The review will consider the effectiveness of the current state rules and laws, as well as the adequacy of water measurement and monitoring.
However, Mr Peters questions the MDBA’s role in conducting the review process, considering it has failed to publish Cap (the cap on water diversions for each river valley in the Basin) reports since 2011.
“They’re required to do [Cap reports] annually,” Mr Peters said.
“Those Cap reports would report all those issues that they’re going to investigate in this review.
“The rules are there, the states aren’t doing it.
“The states are the ones that do the compliance, so if the states don’t want to do compliance it doesn’t happen.
“That review won’t establish anything. All it appears to me is a way of putting the whole issue under the carpet.”
Mr Peters believes a judicial inquiry, or Royal Commission, is the only way to restore confidence in the system in the wake of water theft allegations made during the ABC’s Four Corners report, which aired last week.
That review won’t establish anything.
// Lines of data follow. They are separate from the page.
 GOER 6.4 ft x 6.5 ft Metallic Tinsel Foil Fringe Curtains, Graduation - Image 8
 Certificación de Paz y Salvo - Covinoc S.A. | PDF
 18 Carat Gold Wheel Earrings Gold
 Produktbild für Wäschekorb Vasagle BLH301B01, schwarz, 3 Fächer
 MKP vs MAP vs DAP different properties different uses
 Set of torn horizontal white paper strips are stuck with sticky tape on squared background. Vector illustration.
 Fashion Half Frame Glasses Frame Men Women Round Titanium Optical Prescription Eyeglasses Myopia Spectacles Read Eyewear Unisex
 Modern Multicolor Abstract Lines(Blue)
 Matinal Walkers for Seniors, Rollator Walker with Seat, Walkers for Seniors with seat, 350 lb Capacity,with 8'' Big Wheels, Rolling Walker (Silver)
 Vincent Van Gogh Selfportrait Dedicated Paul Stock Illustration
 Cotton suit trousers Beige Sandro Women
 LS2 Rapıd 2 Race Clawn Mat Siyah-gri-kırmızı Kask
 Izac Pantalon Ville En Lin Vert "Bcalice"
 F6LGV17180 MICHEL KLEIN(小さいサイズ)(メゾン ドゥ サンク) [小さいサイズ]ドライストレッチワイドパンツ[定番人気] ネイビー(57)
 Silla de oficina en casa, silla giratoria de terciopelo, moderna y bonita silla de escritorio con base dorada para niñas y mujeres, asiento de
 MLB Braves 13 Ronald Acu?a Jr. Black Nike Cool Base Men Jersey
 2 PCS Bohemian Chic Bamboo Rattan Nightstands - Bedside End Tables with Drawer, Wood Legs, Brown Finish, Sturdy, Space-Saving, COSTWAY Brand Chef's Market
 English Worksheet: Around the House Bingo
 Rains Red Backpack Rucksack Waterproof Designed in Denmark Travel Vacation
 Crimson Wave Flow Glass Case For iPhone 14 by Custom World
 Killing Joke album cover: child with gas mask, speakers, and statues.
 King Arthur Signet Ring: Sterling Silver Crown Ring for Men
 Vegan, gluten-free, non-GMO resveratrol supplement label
All it appears to me is a way of putting the whole issue under the carpet.
- Mal Peters
“There’s got to be a royal commission because it needs some really strong recommendations to the states to make sure the states and government departments change the way they behave,” he said.
“NSW is the one being highlighted in the Four Corners report but it is not the only state doing the wrong thing.
“It’s critical for the federal government to put in a judicial inquiry so people can have confidence that what will come out of it will solve the problem.
“The review they’ve announced will not solve the problem.”
Not only would a Royal Commission give people an opportunity to provide information about their water problems, Mr Peters said it would help shut down the negative public opinion about farmers, particularly cotton irrigators, that has surfaced since the airing of the Four Corners program.
“My concern is that all farmers reputations are being smeared because of the inappropriate behaviour by a small minority,” he said.
“We’re all getting tainted with the same brush.
“In my role as head of NSW Farmers I spent many years trying to enhance the reputation of farmers and this just ruins that work.”
Talk of scrapping the $13 billion Basin Plan has been rife since Four Corners aired its controversial report, which included leaked recordings of NSW’s top water bureaucrat, Gavin Hanlon, apparently discussing a possible plan to withdraw NSW from the project.
MDBA chief executive Phillip Glyde has dismissed these claims, saying the MDBA is committed to delivering the Basin Plan “on time and in full”.
Mr Peters said while there are parts of the plan “that are not working”, he doesn’t think starting again is the answer.
“I think it’d be very unwise to not proceed with the plan,” he said.
“I’ve been through two previous water reform processes that the federal government has undertaken and had extensive involvement in the third water reform; it was very stressful on the community. People are over it.”